_TO DO_
Begin at the line below that contains "Pennisetum setaceum 'Eaton Canyon'" and write out every line from there to the end of the entries, exactly.

[Short web captions]

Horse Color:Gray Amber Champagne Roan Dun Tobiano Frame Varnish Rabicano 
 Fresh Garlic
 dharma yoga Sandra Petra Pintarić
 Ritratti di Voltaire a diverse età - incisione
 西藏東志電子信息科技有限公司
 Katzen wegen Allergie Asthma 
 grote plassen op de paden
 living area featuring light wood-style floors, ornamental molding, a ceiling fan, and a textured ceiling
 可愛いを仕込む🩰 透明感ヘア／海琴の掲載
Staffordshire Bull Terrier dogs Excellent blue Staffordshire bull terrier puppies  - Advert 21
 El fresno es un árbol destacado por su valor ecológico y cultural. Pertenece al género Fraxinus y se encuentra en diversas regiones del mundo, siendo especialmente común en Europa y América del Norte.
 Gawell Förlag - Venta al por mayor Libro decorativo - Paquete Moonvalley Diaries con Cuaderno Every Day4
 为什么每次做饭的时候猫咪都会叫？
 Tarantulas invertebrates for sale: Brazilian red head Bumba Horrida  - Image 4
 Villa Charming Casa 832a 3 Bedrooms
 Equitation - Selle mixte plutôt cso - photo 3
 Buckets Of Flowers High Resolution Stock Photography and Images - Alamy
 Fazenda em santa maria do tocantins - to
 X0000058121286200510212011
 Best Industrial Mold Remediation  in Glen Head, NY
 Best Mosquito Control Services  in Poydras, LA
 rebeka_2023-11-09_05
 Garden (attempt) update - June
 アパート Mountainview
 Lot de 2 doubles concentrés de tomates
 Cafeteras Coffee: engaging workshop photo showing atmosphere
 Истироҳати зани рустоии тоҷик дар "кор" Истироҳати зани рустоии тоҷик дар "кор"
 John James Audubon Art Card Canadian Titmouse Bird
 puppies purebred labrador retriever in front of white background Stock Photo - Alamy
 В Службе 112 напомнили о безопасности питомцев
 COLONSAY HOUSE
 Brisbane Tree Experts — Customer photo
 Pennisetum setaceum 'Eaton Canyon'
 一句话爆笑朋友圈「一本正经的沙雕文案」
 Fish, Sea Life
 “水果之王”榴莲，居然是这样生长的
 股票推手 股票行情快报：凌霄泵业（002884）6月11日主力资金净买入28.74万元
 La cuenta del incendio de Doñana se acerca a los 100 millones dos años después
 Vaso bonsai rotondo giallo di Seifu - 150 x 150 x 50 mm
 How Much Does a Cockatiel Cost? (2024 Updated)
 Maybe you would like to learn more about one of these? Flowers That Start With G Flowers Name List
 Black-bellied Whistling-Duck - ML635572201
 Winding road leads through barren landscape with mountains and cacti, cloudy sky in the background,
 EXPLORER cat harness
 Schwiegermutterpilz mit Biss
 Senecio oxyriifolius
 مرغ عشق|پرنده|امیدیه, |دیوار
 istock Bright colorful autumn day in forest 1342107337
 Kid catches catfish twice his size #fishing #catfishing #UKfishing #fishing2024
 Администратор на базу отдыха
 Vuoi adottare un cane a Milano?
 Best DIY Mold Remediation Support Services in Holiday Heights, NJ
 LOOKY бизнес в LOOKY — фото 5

_EXERCISE OUTPUT_
 Pennisetum setaceum 'Eaton Canyon'
 一句话爆笑朋友圈「一本正经的沙雕文案」
 Fish, Sea Life
 “水果之王”榴莲，居然是这样生长的
 股票推手 股票行情快报：凌霄泵业（002884）6月11日主力资金净买入28.74万元
 La cuenta del incendio de Doñana se acerca a los 100 millones dos años después
 Vaso bonsai rotondo giallo di Seifu - 150 x 150 x 50 mm
 How Much Does a Cockatiel Cost? (2024 Updated)
 Maybe you would like to learn more about one of these? Flowers That Start With G Flowers Name List
 Black-bellied Whistling-Duck - ML635572201
 Winding road leads through barren landscape with mountains and cacti, cloudy sky in the background,
 EXPLORER cat harness
 Schwiegermutterpilz mit Biss
 Senecio oxyriifolius
 مرغ عشق|پرنده|امیدیه, |دیوار
 istock Bright colorful autumn day in forest 1342107337
 Kid catches catfish twice his size #fishing #catfishing #UKfishing #fishing2024
 Администратор на базу отдыха
 Vuoi adottare un cane a Milano?
 Best DIY Mold Remediation Support Services in Holiday Heights, NJ
 LOOKY бизнес в LOOKY — фото 5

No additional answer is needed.